Meanwhile back in China…
The Shanghai Composite Index fell another 1.9% on May 11 putting Chinese stocks in bear market territory. The index is now down 21% from its November 23 high. The index is now down 19% for 2010 making it the worst performing market in the world—next to Greece.
The catalyst was news that consumer prices rose at the fastest rate in 18 months and that property prices in 70 cities rose by a 12.8% in April.
Inflation and speculation have so far not just resisted government policy designed to slow the rise in prices, but they’re actually accelerating. That has raised fears that the People’s Bank of China will finally have to raise its benchmark interest rate and put the brakes on growth across the entire economy.
Consumer prices—good old’ inflation—climbed 2.8% in April from a year earlier. That was up from the 2.4% rate of increase in March. The increase in consumer prices in March had been below February’s rate of increase raising hopes that the central bank was winning its battle against inflation. A survey of 30 economists by Bloomberg News showed a median expectation for a 2.7% gain in April consumer prices.

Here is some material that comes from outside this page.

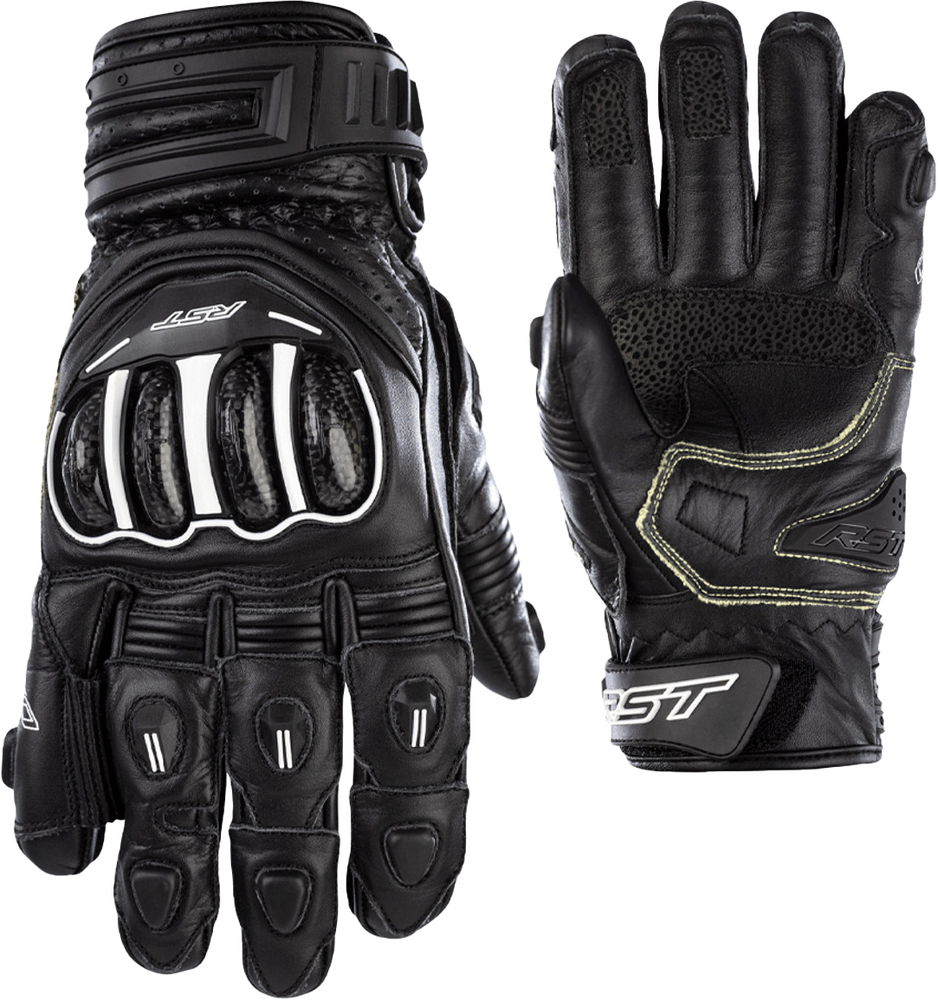 Rst Tractech EVO 4 Short CE Glove — Black/Black/Black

The real bad news is actually in the bad news behind these numbers.
The People’s Bank and government bank regulators have tried every trick in their books—short of an actual increase in the benchmark interest rate—to rein in bank lending. It’s easy money from bank loans that has fueled the real estate boom and the binge of investment in fixed assets that has kept the economy running too hot. (Growth hit 11.9% in the first quarter of 2010.) The surge in bank loans in 2009 has raised fears, extremely well founded in my opinion, that many of these loans are to unqualified but well connected individuals or companies and that they will result in a dangerous increase in bad loans on bank balance sheets.
The bad news—nothing the central banks or regulators have done is slowing the flood of loan money to a rate that economists think is acceptable. New lending in April of 774 renminbi—or about $110 billion—was above the consensus forecasts of 24 economists surveyed by Bloomberg News.
At 2.8% inflation is getting very close to the government’s target of a 3% inflation rate for the entire year. I doubt that the People’s Bank or bank regulators will sit on their hands until inflation reaches that benchmark.
Falling stock prices in Shanghai indicate that investors there are expecting action too.